Coding class, which involves the use of computer programming to create computer software apps and websites, will be compulsory for basic schools in the country.
This follows the review of the educational curriculum for which teachers are currently being trained.
She made the announcement at the Open Day event for awardees of the Western Region Girls in Information Communication Technology (ICT) in Accra yesterday.
It aimed at encouraging and empowering girls and young women to consider studies and careers in the growing field of ICT, to enable both girls and technology companies to reap the benefits of greater female participation in the ICT sector.
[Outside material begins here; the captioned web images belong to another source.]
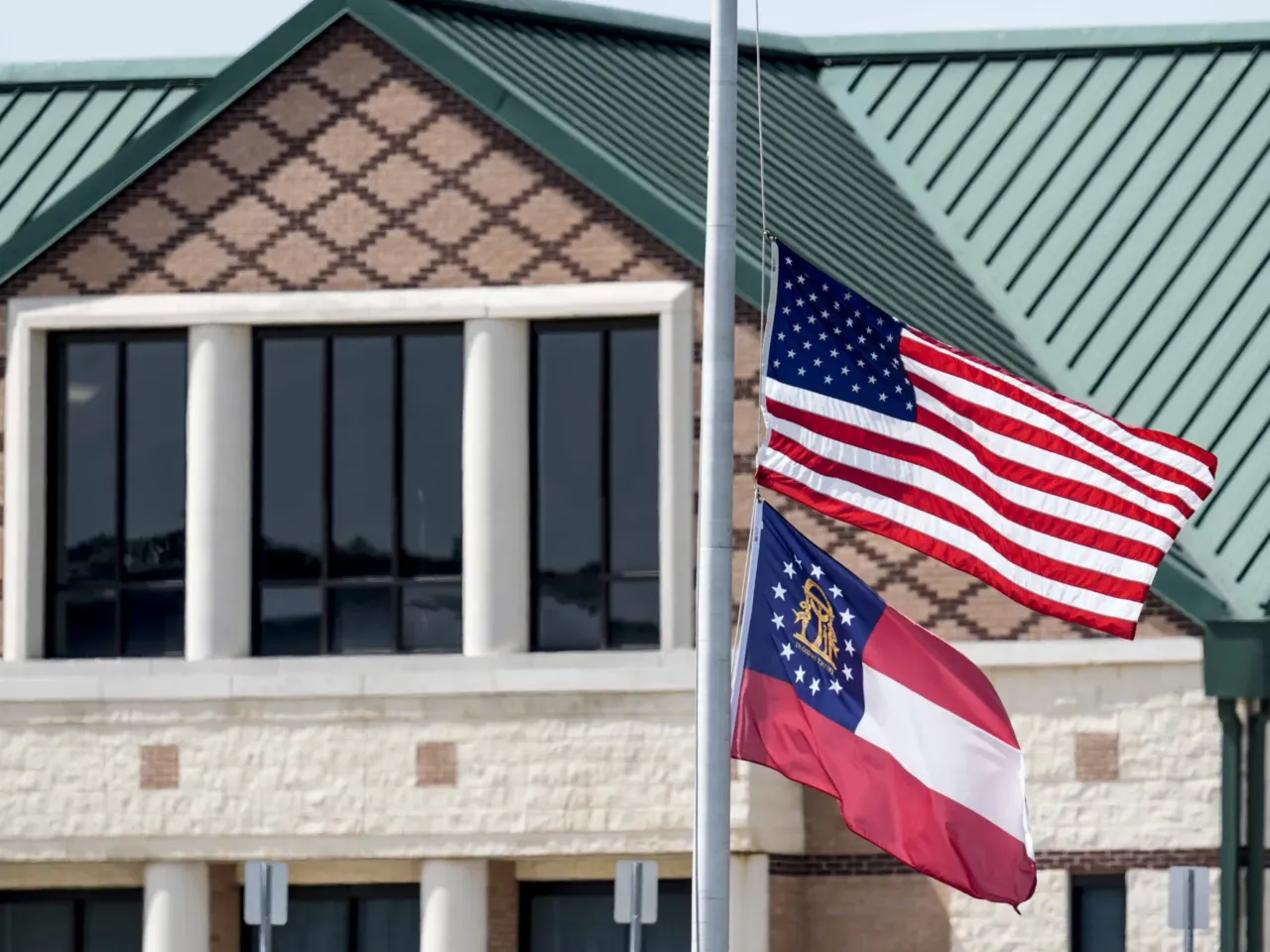 The Georgia high school shooting suspect won't face death penalty, judge says 2 The American and state of Georgia flags fly half-staff on Thursday after a shooting at Apalachee High School in Winder, Ga.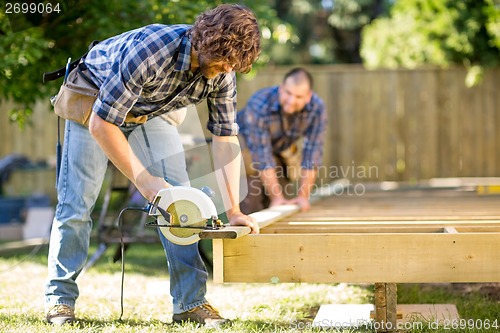 Image of Carpenter Cutting Wood With Handheld Saw While Coworker Helping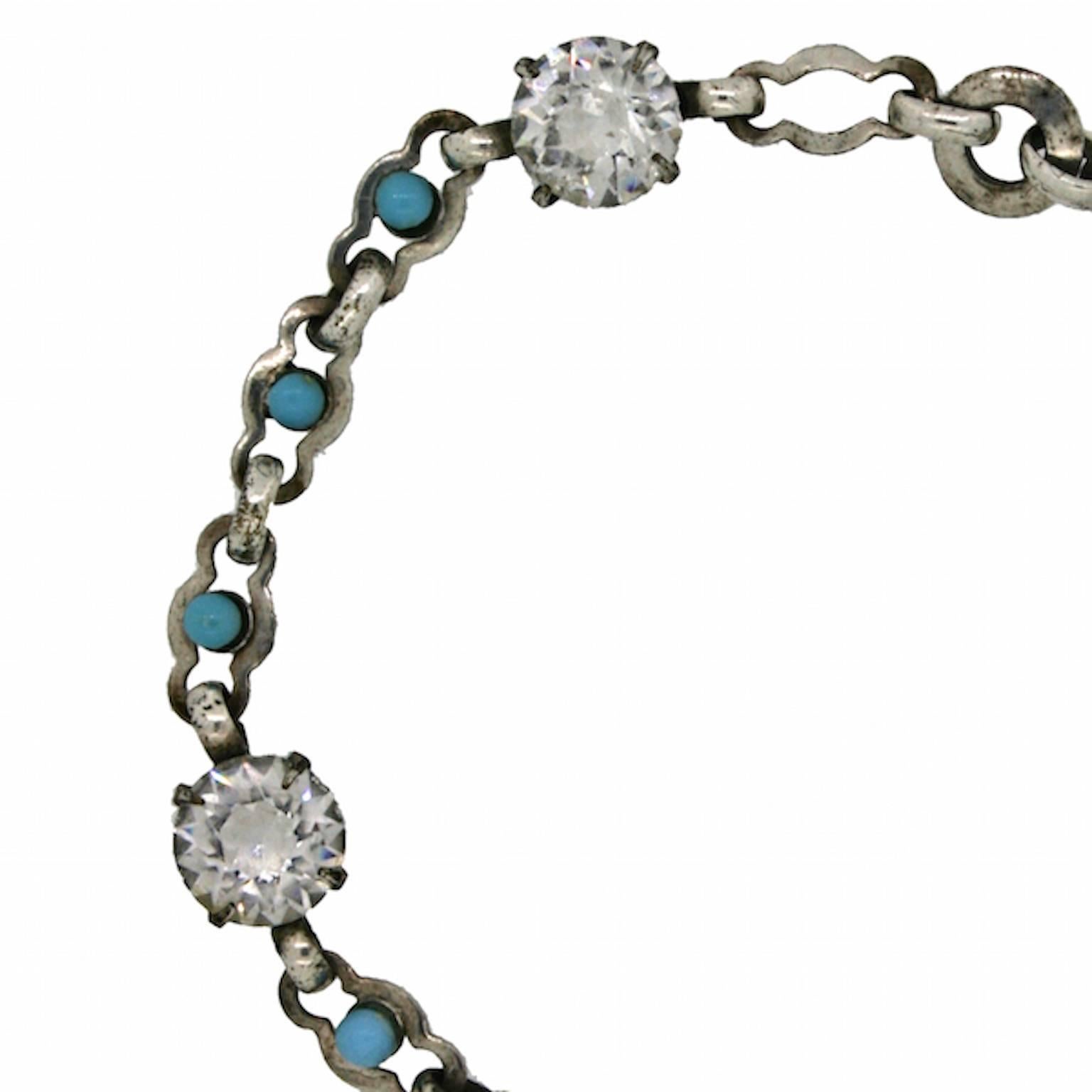 Shimmering and delicate, this bracelet dates from the 1920s and is unsigned. It features a pretty design, which can be enjoyed for centuries to come. 
Condition Report:
Very Good - Minor wear to the silver tone metal. This is consistent with age and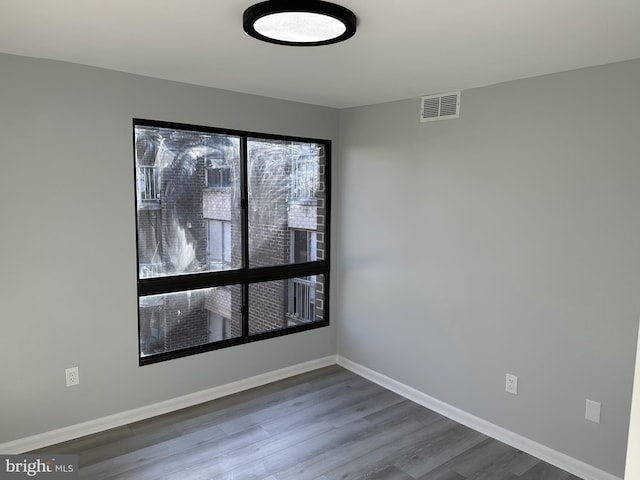 spare room featuring hardwood / wood-style flooring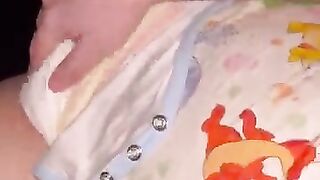 Diaper boy moans while cumming into diaper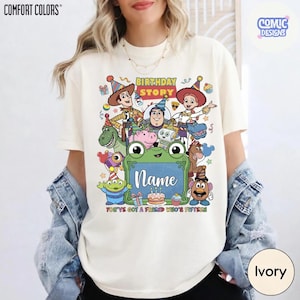 May include: An ivory t-shirt featuring a colorful graphic print of various animated characters wearing party hats. The design includes the text "BIRTHDAY STORY", "Name", and "YOU'VE GOT A FRIEND WHO'S FIFTEEN" along with illustrations of a cake, gifts, and a frog.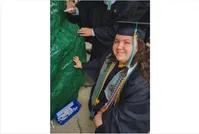 Isabel Cox signing the rock after Commencement. 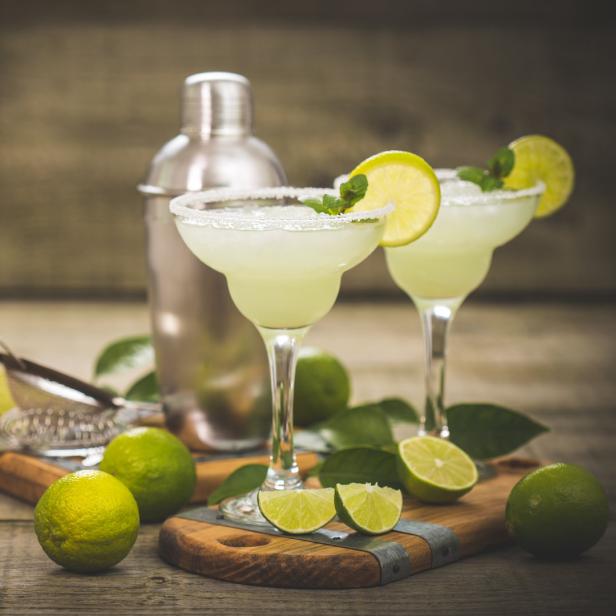 Zwei Margaritas mit Limetten und Minze auf einem Holztisch.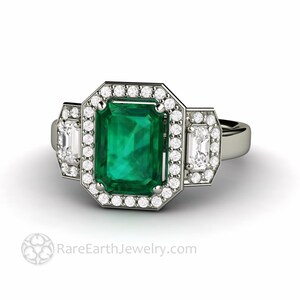 Emerald cut green emerald ring 3 stone jlo engagement ring style green gemstone ring like jennifer lopez engagement ring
This year’s programme provides mentorship for 60 pupils who were selected among 600 others from various metropolitan, municipal and district assemblies in the Western Region.
While in Accra, the girls will be given the opportunity to meet female IT professionals at their places of work that is MTN, Vodafone, Airtel-Tigo, American Tower Company (ATC) and National Information Technology Agency (NITA)
Speaking to the Daily Graphic, Mrs Owusu Ekuful said as part of the introduction of the new curriculum training, teachers were currently being trained on how to teach ICT and coding.
She said the introduction of students to ICT only at the secondary level was not enough and that there was the need to include students at the basic level as well to make it common for all students to study.
Mrs Owusu Ekuful said the Ministry of Communications was working with the Ministry of Education to also ensure that the requisite backbone infrastructure was put in place to support the training of the pupils.
>Connecting rural schools
In the absence of computer laboratories in most schools in rural communities, the minister said, coding classes would be held at community information centres.
She was, however, quick to add that the ministry, through the Ghana Investment Fund for Electronic Communications, was sending connectivity to basic schools.
She said on August 26, 2019, the government would roll out a Wi-Fi programme that Blue Skies, a fruit processing company, had completed at Aburi. The project would be on a pilot basis for others and that it would be replicated across the country.
A representative from the National Security Centre, Mr Samuel Anning, stated that while the centre was excited about the programme and the prospects ICT held for young people, it was also concerned about the inherent dangers for them.
Representatives of sponsors of the programme— MTN Ghana, Vodafone, Airtel-Tigo, American Towers Company and NITA urged the beneficiaries to take advantage of the opportunity presented to them to develop expertise in ICT which was the future of Ghana’s economy.
Some of the beneficiaries, who spoke about their ICT learning experience, said they were able to create websites and to develop some computer gaming programmes.